Task - Your answer should be the lines below from the one holding "Effet HDR sur" through the one holding "Curled Leather Ankle Boot", copied exactly and with nothing else.

Information given -
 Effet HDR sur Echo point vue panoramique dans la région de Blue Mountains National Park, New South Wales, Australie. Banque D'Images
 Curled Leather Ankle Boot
* * *
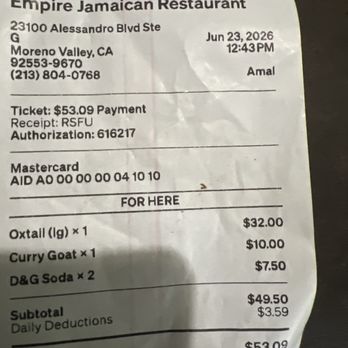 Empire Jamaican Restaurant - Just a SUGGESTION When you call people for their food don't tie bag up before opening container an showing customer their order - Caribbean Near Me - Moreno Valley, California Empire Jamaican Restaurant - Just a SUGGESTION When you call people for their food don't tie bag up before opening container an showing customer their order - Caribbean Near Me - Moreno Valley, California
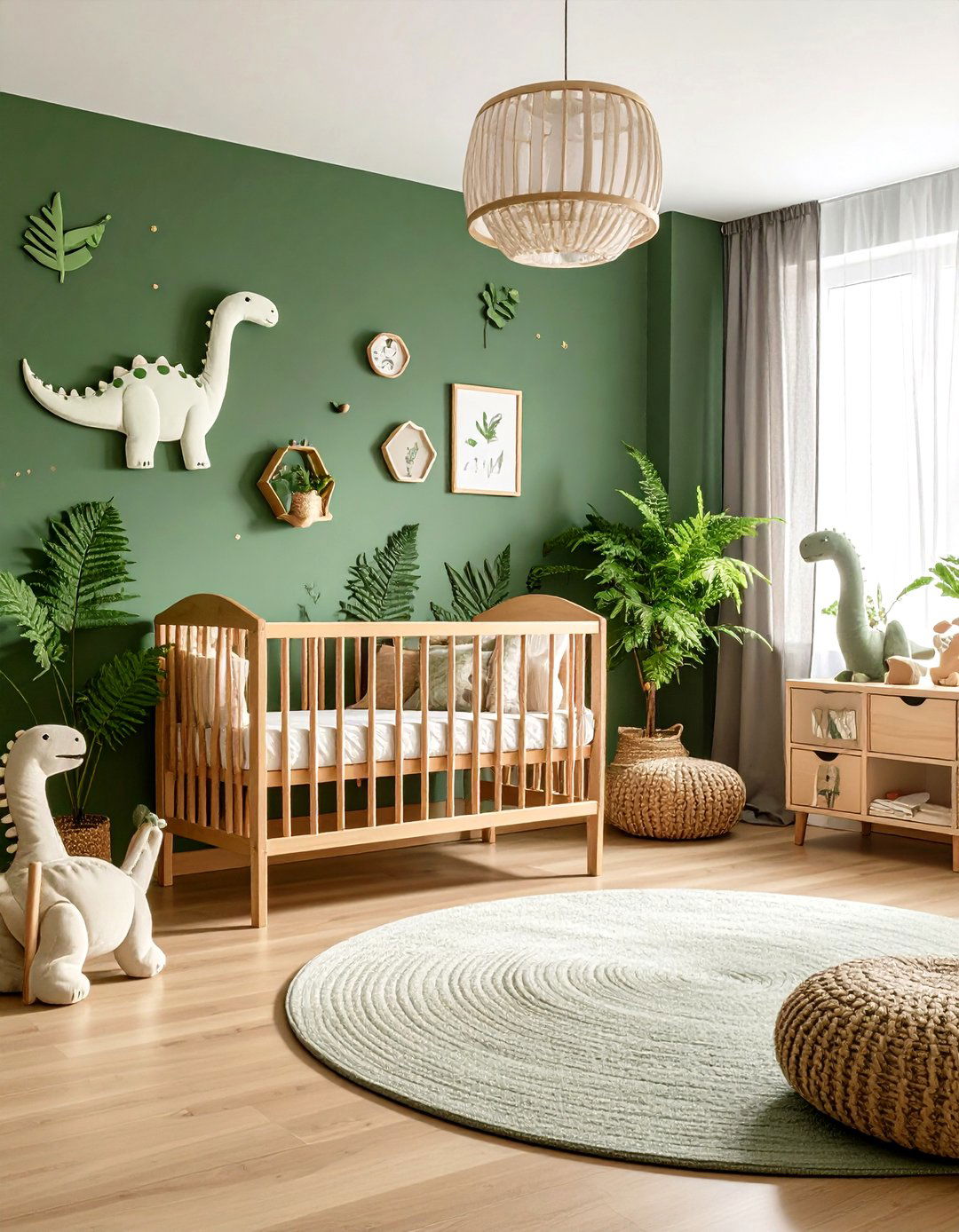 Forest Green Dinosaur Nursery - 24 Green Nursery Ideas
---
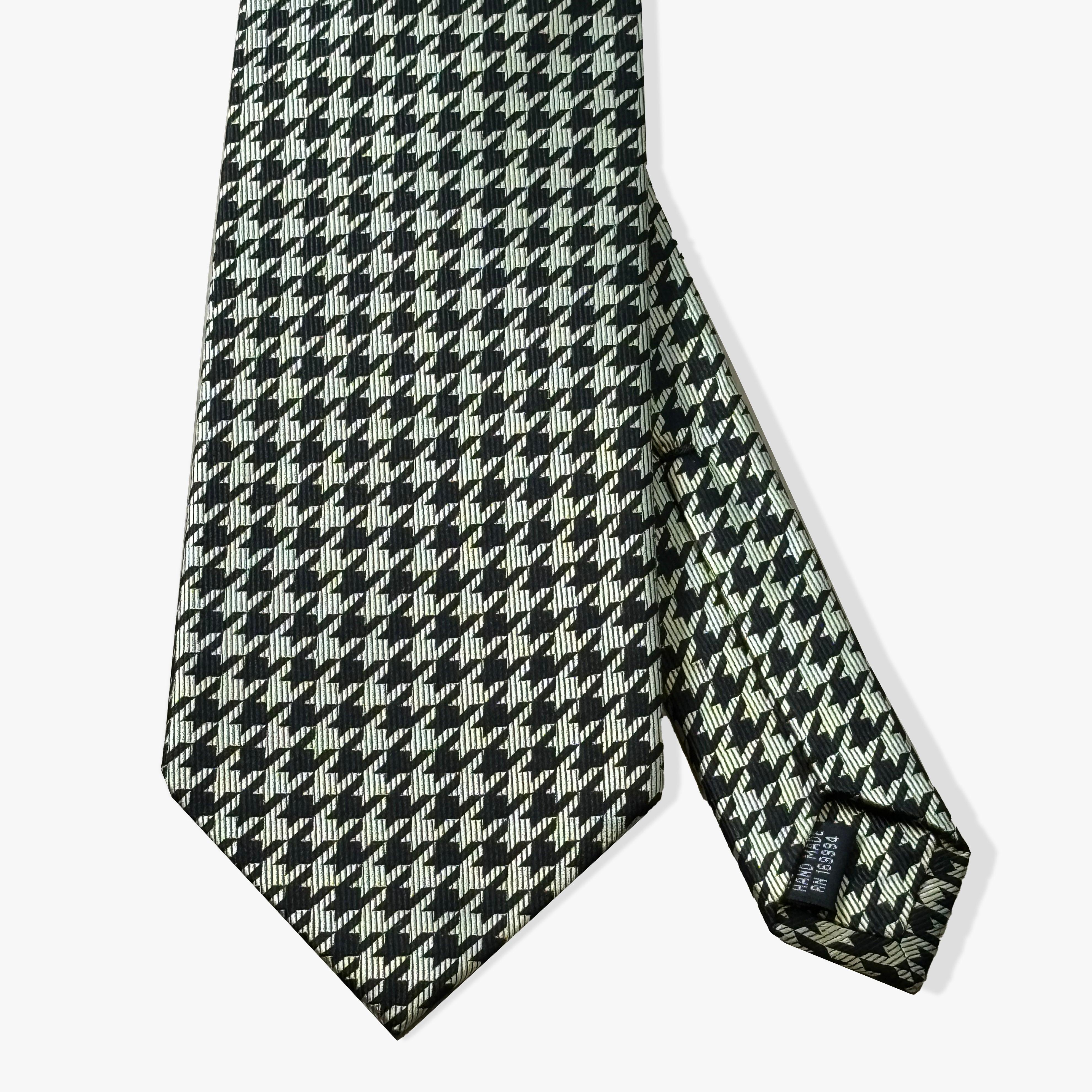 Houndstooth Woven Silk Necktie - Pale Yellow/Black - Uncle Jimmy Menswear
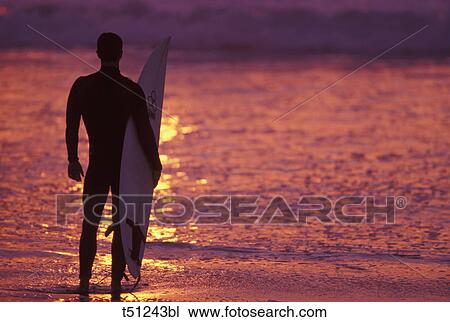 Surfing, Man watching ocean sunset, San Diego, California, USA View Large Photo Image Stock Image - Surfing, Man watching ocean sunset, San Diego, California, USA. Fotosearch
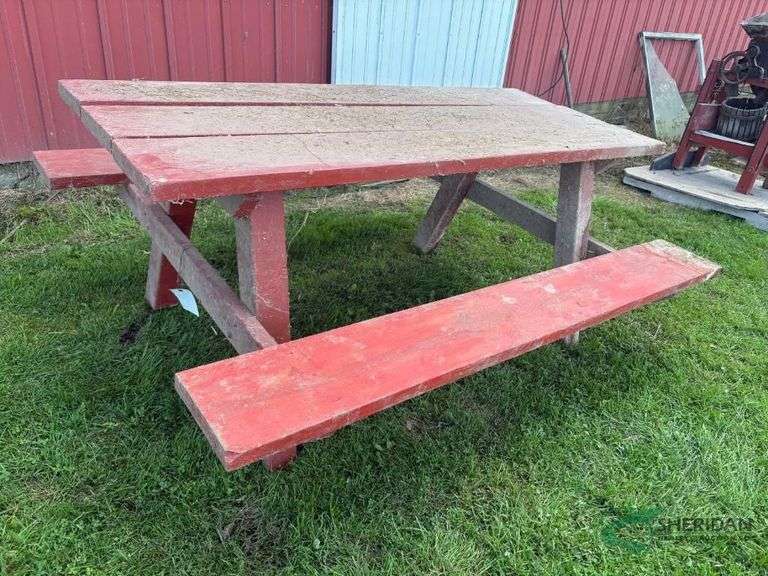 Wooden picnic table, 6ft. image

Task answer -
 Effet HDR sur Echo point vue panoramique dans la région de Blue Mountains National Park, New South Wales, Australie. Banque D'Images
 Curled Leather Ankle Boot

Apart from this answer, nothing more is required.